Liberados de la prisa, las melodías se airean y se vuelven más coquetas, Kazu Makino se muestra juguetona, otras veces perdidamente romántica, mientras Amadeo asume en toda su expresión el rol seductor. Una fruta cuya acidez tiene el sabor dulzón de la sangre y que prefigura el accidente.

Ciencia-ficción del pasado. ¿Cómo habrían sido los siguientes discos sin el accidente de Kazu Makino? Kazu cae de su caballo, y su caída se prolonga en una espiral preciosista: Misery is a butterfly (4AD, 2004), un título que destila sabiduría y visión interior. El primer efecto de “Elephan woman” es tan arrollador como el de sus infantiles arrebatos sónicos. Ahora, las armas de batalla son los instrumentos de cámara, clarinete, viola, violines y cellos, que en pizzicatos y trenzas barrocas van dibujando un castillo de espejos y dulces lágrimas.

Sigue “Messenger”, turno de Amadeo en el micrófono, luego “Melody”, turno de Kazu… la alternancia se juega entre canción y canción, demostrando la madurez de sus cantantes. Cada canción es una implosión de cámara lenta, pasarlas una a una, un ritual necesario y solipsista.

La belleza conquistada. La belleza rodeada, atravesada. 23 (4AD, 2007), como pocas veces en la carrera de Blonde Readhead, insiste de buena forma sobre los mismos tópicos de su albacea, signo de refinamiento y de confianza en el dream-pop que los acoge, ganando nuevas texturas, feedback largos de guitarra y sintetizadores espaciales. La nave ha iniciado un nuevo vuelo, y de allí a Penny sparkle (4AD, 2010) se requiere un pequeño gesto: alivianar el equipaje, casi sin guitarras, la batería reducida en sus posibilidades junto a bases electrónicas, las voces dopadas y arrastradas, las melodías cansinas, en loop.
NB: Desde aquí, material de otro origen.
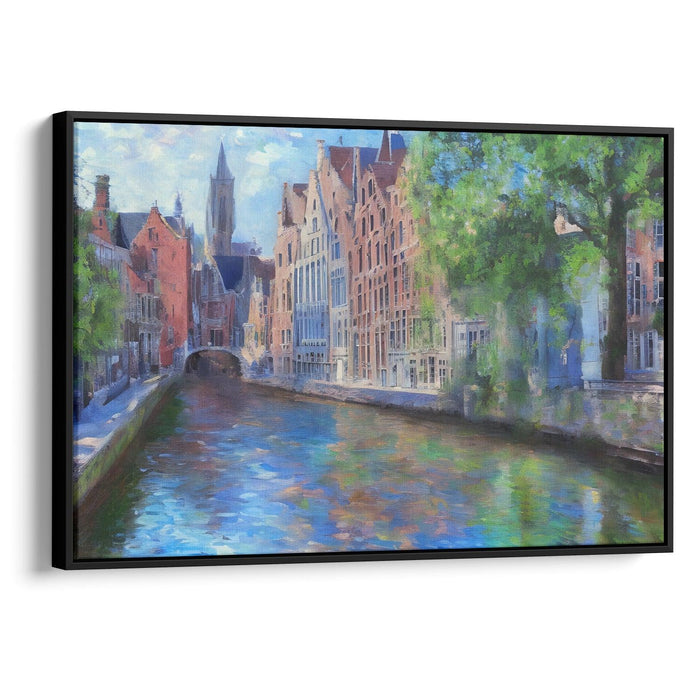 Impressionism Bruges Print - Canvas Art Print by Kanvah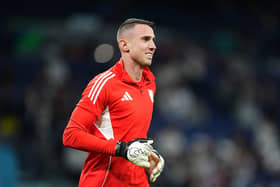 Odisseas Vlachodimos of Sevilla FC warms up prior to the LaLiga EA Sports match between Real Madrid CF and Sevilla FC at Estadio Santiago Bernabeu on December 20, 2025 in Madrid, Spain. (Photo by Angel Martinez/Getty Images)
La belleza en el espacio requiere algunos riesgos, y si en sus inicios fue la concreción el modus operandi, y la tensión la prueba de sinceridad, lo volátil y sintético asoman como nuevos desvíos. A su manera, es un disco arriesgado, a primera vista manierista y menos certero que 23  y Misery is a buterfly. Blonde Redhead nos exige otras reglas de fascinación. Como conquistar la belleza desde el vacío.